It is true that women have advanced in their enjoyment of human rights a great deal in recent decades, and in some countries the LGBT community has also taken great steps forward, but in terms of our basic human needs expressed so nicely in the phrase “life, liberty and the pursuit of happiness” I think we’re going backwards. The generation today is the first that will find it harder to live than their parents.

Guillermo in his book analyses the situation in several fields. Greg has commented on various aspects. But Guillermo sums up the situation well when he says:

Human Rights in general won’t be respected while large numbers of human beings are subject to the discretion of concentrated power. No one can expect the right to life to be respected while wars are a methodology of action for those who try to dominate the world and maintain the profits of the military-industrial complex. No one can expect the right to a dignified job, healthcare, education and housing to be guaranteed in a society in which concentrated economic power excludes increasing numbers of people. And no one can expect the most basic of rights to be respected while societies remain as passive spectators in front of the lack of future of those who seek to migrate to other countries, crashing time and time again against the walls of selfishness and indifference.
We can’t allow the manipulation of human subjectivity through the media which operates as a function of economic power to go on, whether this manipulation be to strengthen the consumerism of those who feed their profits, or to manipulate the electorate and thereby have sympathetic governments, or to keep the population hypnotised so that they don’t rebel. The technological advances in communication is humanity’s heritage and doesn’t belong to a few who take advantage of it in order to manipulate.

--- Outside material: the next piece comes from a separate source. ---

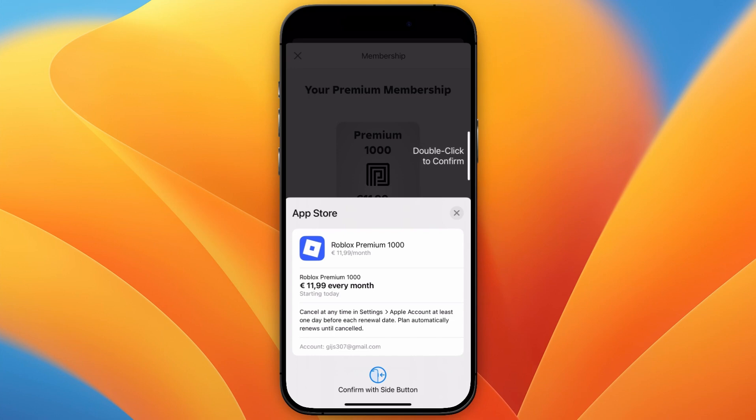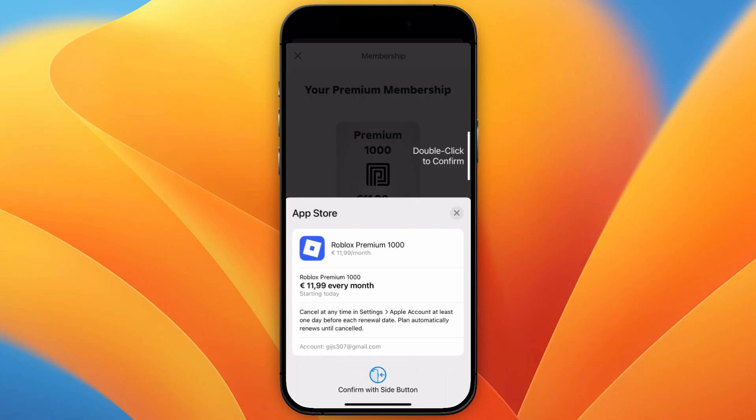And then every single month, you will receive 1000 Robux per month. So now you know how to buy Roblox Premium on iPhone. If this video was helpful, please consider leaving a like and subscribing to my channel. With that being said, I will see you in the next video.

The ravaging of natural resources and the environment, growing ecological disaster and contamination that affects human and natural life are the consequences of the irrational exploitation of our planet. And all of this is the responsibility of Capital’s greed and government complicity.

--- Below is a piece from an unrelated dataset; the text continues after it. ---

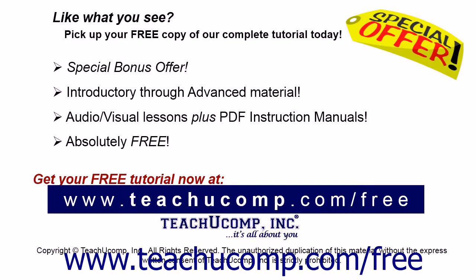Like what you see? Pick up your free copy of the complete tutorial at www.teachucomp.com/free.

More specifically in the section on the media, Guillermo explains:

Previously, an individual was more at the mercy of the bias of the formation they received through education, either in the family home, in education centres or in religious environments, while now an individual is faced with numerous choices, and they feel that they have more freedom. Nevertheless this very sensation of freedom that makes people feel like the media is a window on the world, a window on life, something through which they can see everything that exists and can opt for whatever they prefer, this sensation is what converts them into a victim of a much subtler manipulation. Because when someone becomes accustomed to looking through a window, they no longer notice the window, they only see what the window lets them see, and they see this as reality itself and never question the window. They only form opinions about situations they can manage to visualize, and so they accept that opinion as their own.

This analysis creates enormous problems for small independent media such as Pressenza as you can imagine!

Importantly Guillermo concludes from this:

We must understand that it won’t be possible to change one part without changing everything, because every part responds to the logic of the greater system that it is contained within. It’s no use thinking about every part separately in order to generate a monster like Frankenstein’s that was only able to come alive in fiction. This is why the project of the Universal Human Nation, although it seems paradoxical, is more realistic than projects that change only one part and insert it into the present system.

But what is this Universal Human Nation that both Silo and Guillermo have referred to? Guillermo describes it beautifully as:

a world without borders, a Confederation of Humanist Nations, without wars, without violence, without hunger, without discrimination, with social justice, with Real Democracy, with environmental balance, with solidarity and, above all, with an open future.

Who here is not moved when they hear such a description? Who here is not able to close their eyes and imagine such a world and to feel a strong emotion rise within themselves at the thought of it?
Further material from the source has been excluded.